## EXERCISE:
A word-for-word copy of the records below is needed, without the images.

## DATASET EXCERPTS:

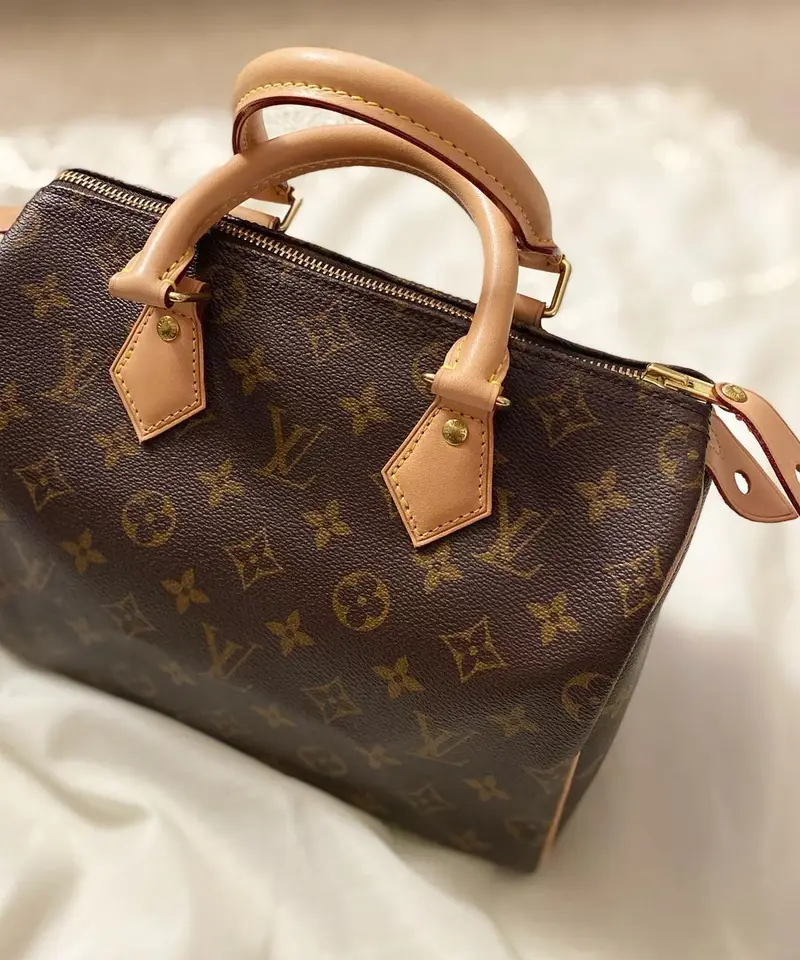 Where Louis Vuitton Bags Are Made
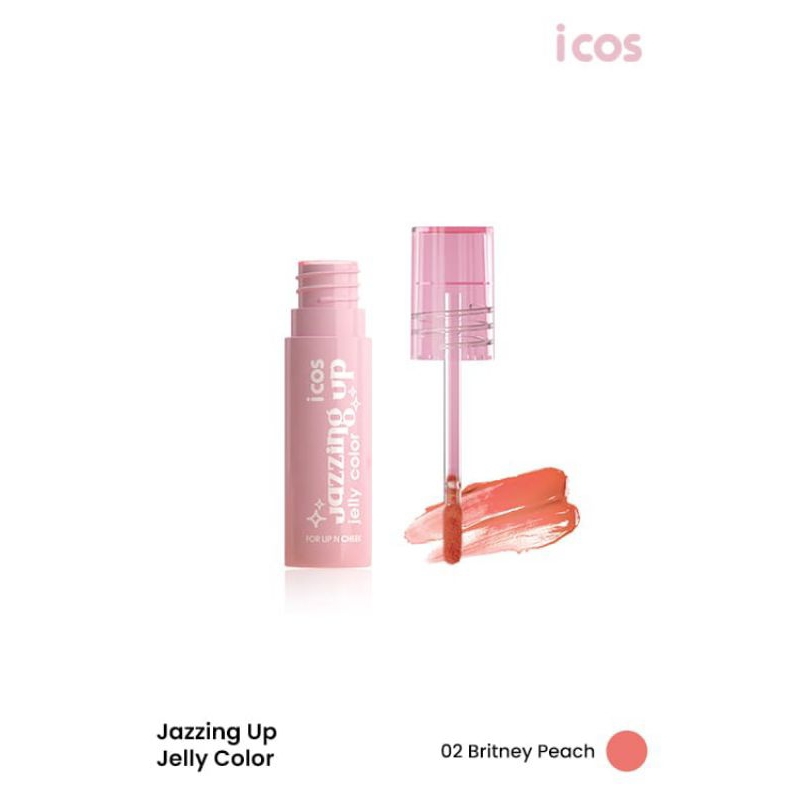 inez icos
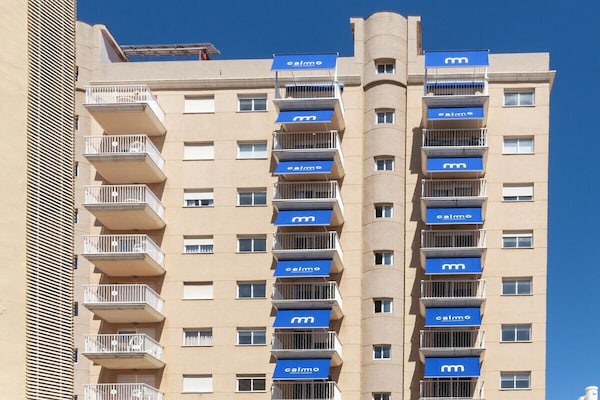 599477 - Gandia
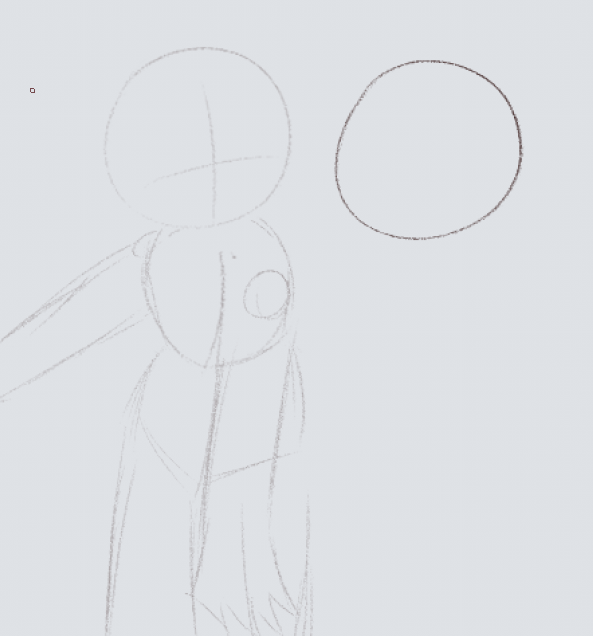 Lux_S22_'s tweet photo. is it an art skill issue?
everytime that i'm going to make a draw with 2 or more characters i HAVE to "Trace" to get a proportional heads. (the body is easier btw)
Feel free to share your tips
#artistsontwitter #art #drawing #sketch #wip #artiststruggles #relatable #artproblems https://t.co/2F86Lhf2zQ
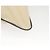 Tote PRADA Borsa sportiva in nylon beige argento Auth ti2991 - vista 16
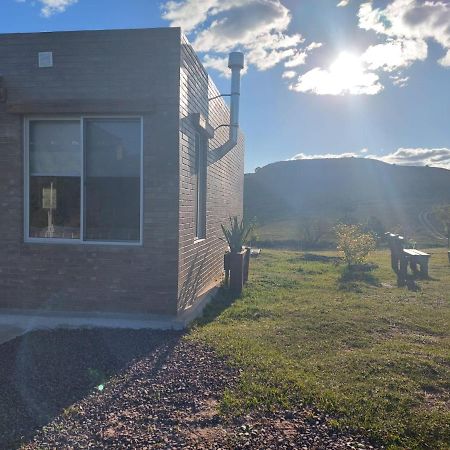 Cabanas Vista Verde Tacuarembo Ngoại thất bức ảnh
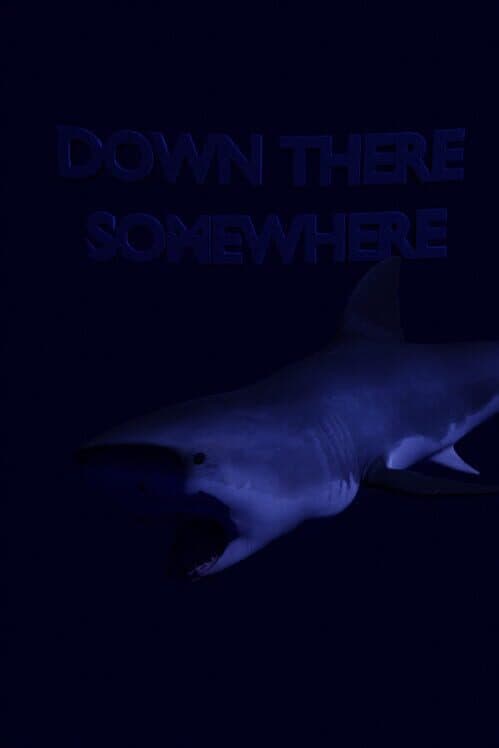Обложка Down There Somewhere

## EXERCISE RESULT:
 Where Louis Vuitton Bags Are Made
 inez icos
 599477 - Gandia
 Lux_S22_'s tweet photo. is it an art skill issue?
everytime that i'm going to make a draw with 2 or more characters i HAVE to "Trace" to get a proportional heads. (the body is easier btw)
Feel free to share your tips
#artistsontwitter #art #drawing #sketch #wip #artiststruggles #relatable #artproblems https://t.co/2F86Lhf2zQ
 Tote PRADA Borsa sportiva in nylon beige argento Auth ti2991 - vista 16
 Cabanas Vista Verde Tacuarembo Ngoại thất bức ảnh
Обложка Down There Somewhere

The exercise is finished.